* [What to produce] A verbatim transcript of the data that follows, free of images, is the expected result.
────────────────────────────────────────
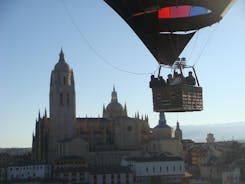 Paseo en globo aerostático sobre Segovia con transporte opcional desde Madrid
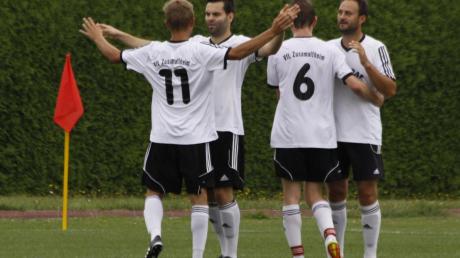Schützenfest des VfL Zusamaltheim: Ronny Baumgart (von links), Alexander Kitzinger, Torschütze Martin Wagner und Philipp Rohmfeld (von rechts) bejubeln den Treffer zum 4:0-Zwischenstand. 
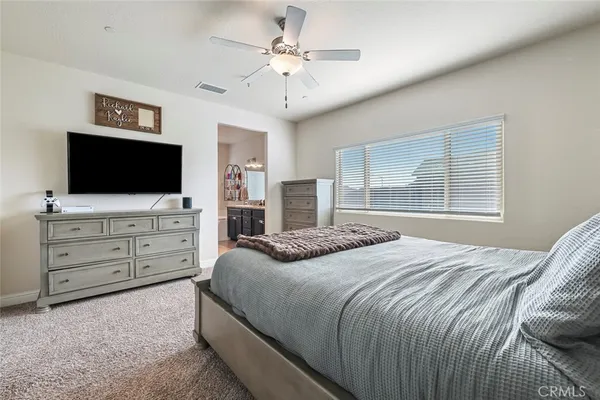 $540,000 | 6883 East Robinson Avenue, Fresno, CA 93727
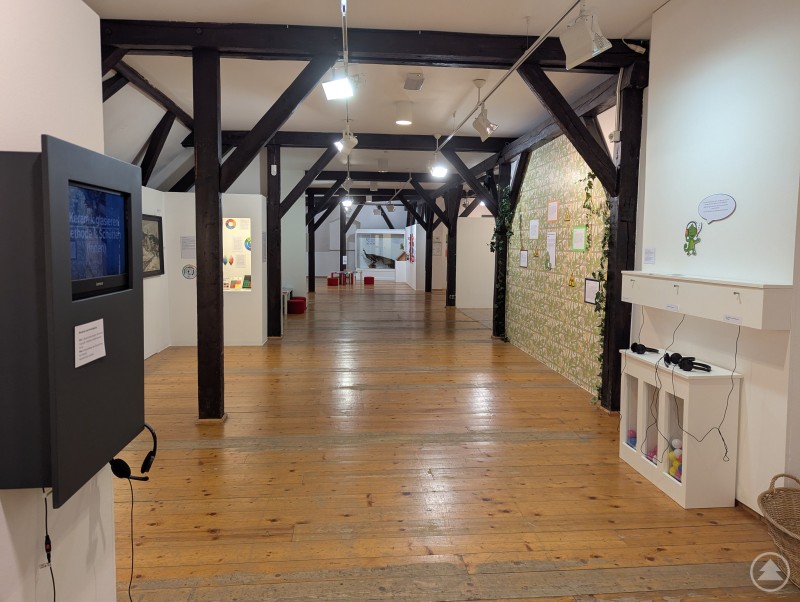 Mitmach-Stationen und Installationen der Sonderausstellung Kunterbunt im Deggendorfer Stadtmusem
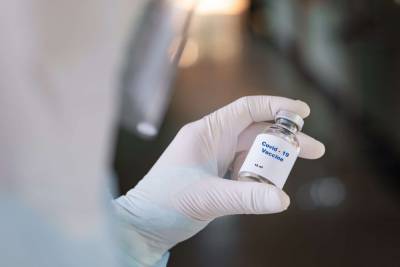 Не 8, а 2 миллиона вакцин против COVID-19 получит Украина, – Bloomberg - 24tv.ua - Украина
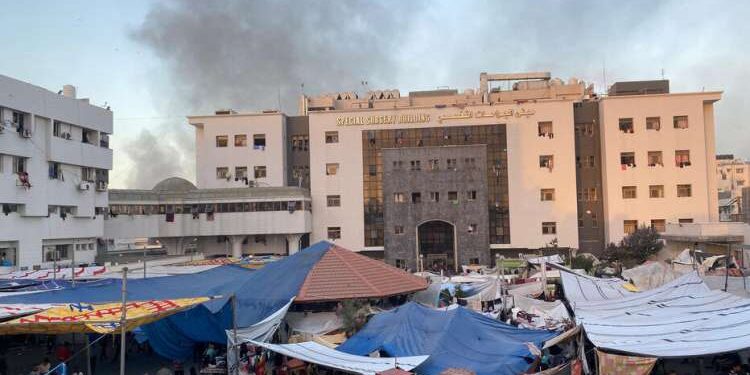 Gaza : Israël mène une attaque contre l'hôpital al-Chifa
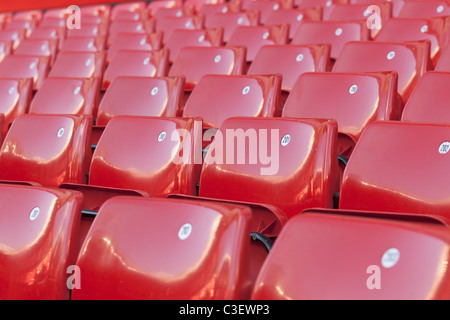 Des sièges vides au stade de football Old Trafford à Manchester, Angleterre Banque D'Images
────────────────────────────────────────
* [Written solution]
 Paseo en globo aerostático sobre Segovia con transporte opcional desde Madrid
Schützenfest des VfL Zusamaltheim: Ronny Baumgart (von links), Alexander Kitzinger, Torschütze Martin Wagner und Philipp Rohmfeld (von rechts) bejubeln den Treffer zum 4:0-Zwischenstand. 
 $540,000 | 6883 East Robinson Avenue, Fresno, CA 93727
 Mitmach-Stationen und Installationen der Sonderausstellung Kunterbunt im Deggendorfer Stadtmusem
 Не 8, а 2 миллиона вакцин против COVID-19 получит Украина, – Bloomberg - 24tv.ua - Украина
 Gaza : Israël mène une attaque contre l'hôpital al-Chifa
 Des sièges vides au stade de football Old Trafford à Manchester, Angleterre Banque D'Images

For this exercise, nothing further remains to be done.